Brett and I went out on the Saturday night leading up to Halloween. He decided to stay out and go to some clubs. When I got home, I found my neighbor's husband trying to kick in the door of my and Brett's room. He accused my boyfriend (meaning Brett) of stealing his boombox. I calmly told him that we didn't have his boombox and opened the door of the room to prove it. He took one look around and saw a bunch of old tape recorders, cassette tapes and back issues of NY Rocker lying around and took off. It turns out that my neighbor had a boyfriend (I mention him as the one with the missing teeth) and he had taken the boombox.
While in Psychodrama, I had worked several administrative jobs for a few months. I also continued to do babysitting work in the neighborhood. I was living at home so I was able to save up about $1,800 from all these day gigs. All of us in Psychodrama lived very economically. So with that $1,800, I had a cushion to move to SF with. While there, Brett and I continued to live economically. Instant oatmeal and dried milk for breakfast, peanut sandwiches for lunch and dinner was ramen noodles with a bit of hamburger and canned vegetables mixed in. We each prepared on our own meals separately whenever we felt hungry. Sometimes we would have hot dogs and fried eggs and fried toast. Brett is the one who showed me how to do things frugally which was very helpful such as buying the dented cans of canned vegetables.
After Brett moved out, the landlords took pity on me and offered me another SRO type apartment on another floor. This was the Trips Room. This apartment was larger and my neighbors were way more responsible and mellow. That was room 407.
As for Brett's return to Virginia, other options back in VA kept calling him so he returned. I think that I was so focused with getting a job and staying on in SF (going back to Alexandria, VA would've felt like a failure to me and not an option), that I didn't let myself feel the loss of his departure. Because once he left, I was alone there with no one to talk to on a daily basis other than my co-workers until I connected with Denise Dee of Lobster Tendencies and John Hricko but that took a couple of months.

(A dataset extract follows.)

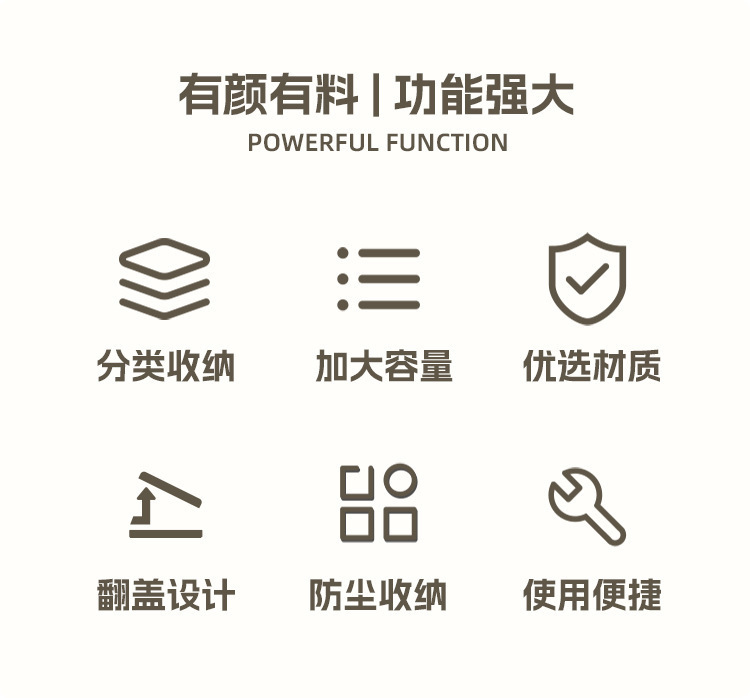 高级化妆刷收纳筒防尘梳妆台化妆品收纳盒口红眼影置物架桌面笔筒详情3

I remember Brett and Bob would call to check in on me and I would put on a "happy face" while talking to them but I was a bit lonely there for awhile. My parents would also call me too and would focus on talking about what was going on at work. I didn't let anyone (including myself) know how vulnerable and lonely I was there at first. Luckily, the city and the excitement of being on my own helped get through the lonely patches until I met some fellow kindred spirits. Making I Think About Jackson Pollock was kind of my calling card.

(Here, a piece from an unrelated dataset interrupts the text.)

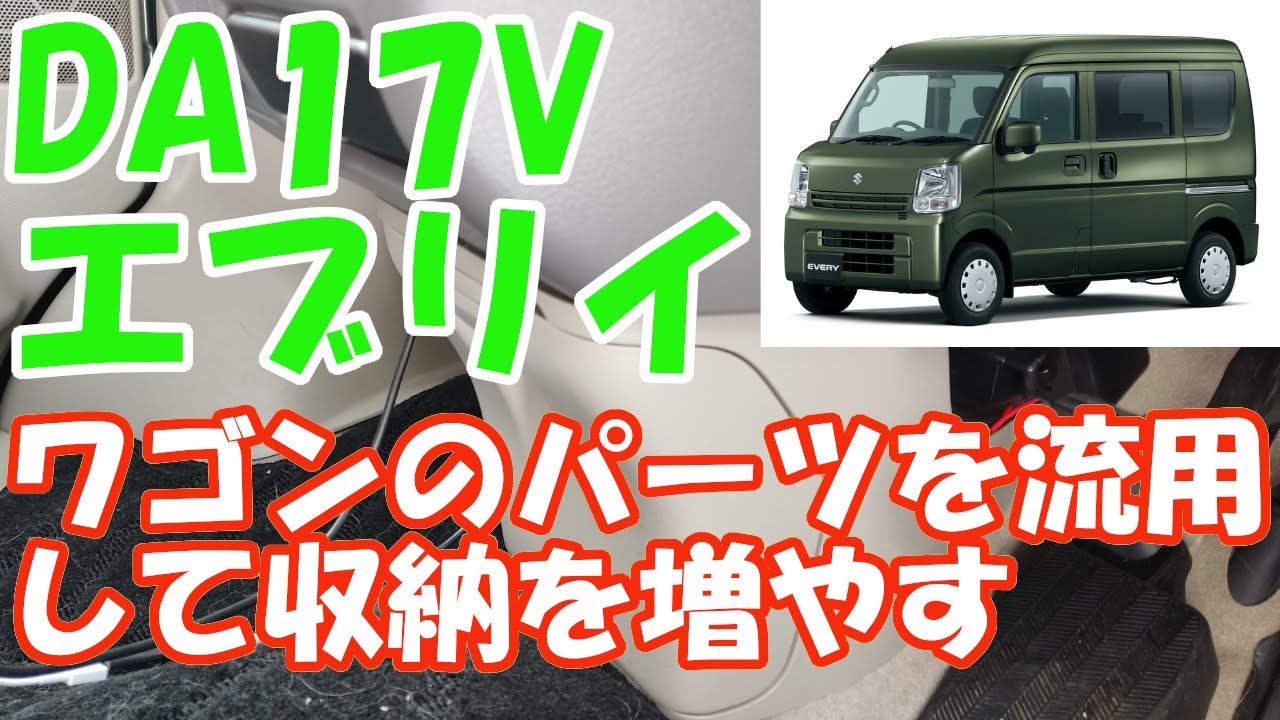 ヒロ エブリィda17wフロントスクリーン20センチ エブリィ パーツ ヒロ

It is interesting to me, looking back on it, how little Brett, Rob and I ever discussed our feelings or our domestic situations. We just poured everything into the music and bitching about the DC scene. We never got in touch with our feelings about each other as friends, bandmates, and comrades in the struggle.

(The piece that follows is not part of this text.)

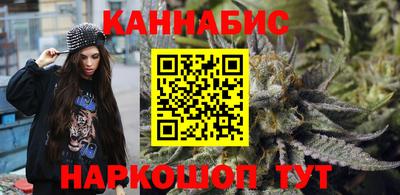 гашик Берёзовский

I think that once I got to San Francisco I was ready for a fresh start. I think that perhaps the whole thing was a way of disconnecting from Brett and Psychodrama; Alexandria, Virginia; Washington, D.C.; and my childhood. It was time for me to become an adult out on my own.
Brett left after two weeks and that is when I formed Girls On Fire.
I like what Hal said to me, "Your GOF tapes certainly bear the influence of Psychodrama, but there are differences!"
Throughout the trip, we camped out in the back of my truck (it had a camper shell on it) at various camping grounds or RV parking lots throughout the US. We had an atlas/road map that listed all of them. When we got to San Francisco, we parked the truck in a parking lot that also allowed RV's. This was way down in the South of Market area near the Embarcadero Freeway. We did that for the first week or so we were in SF while Brett and I were apartment hunting.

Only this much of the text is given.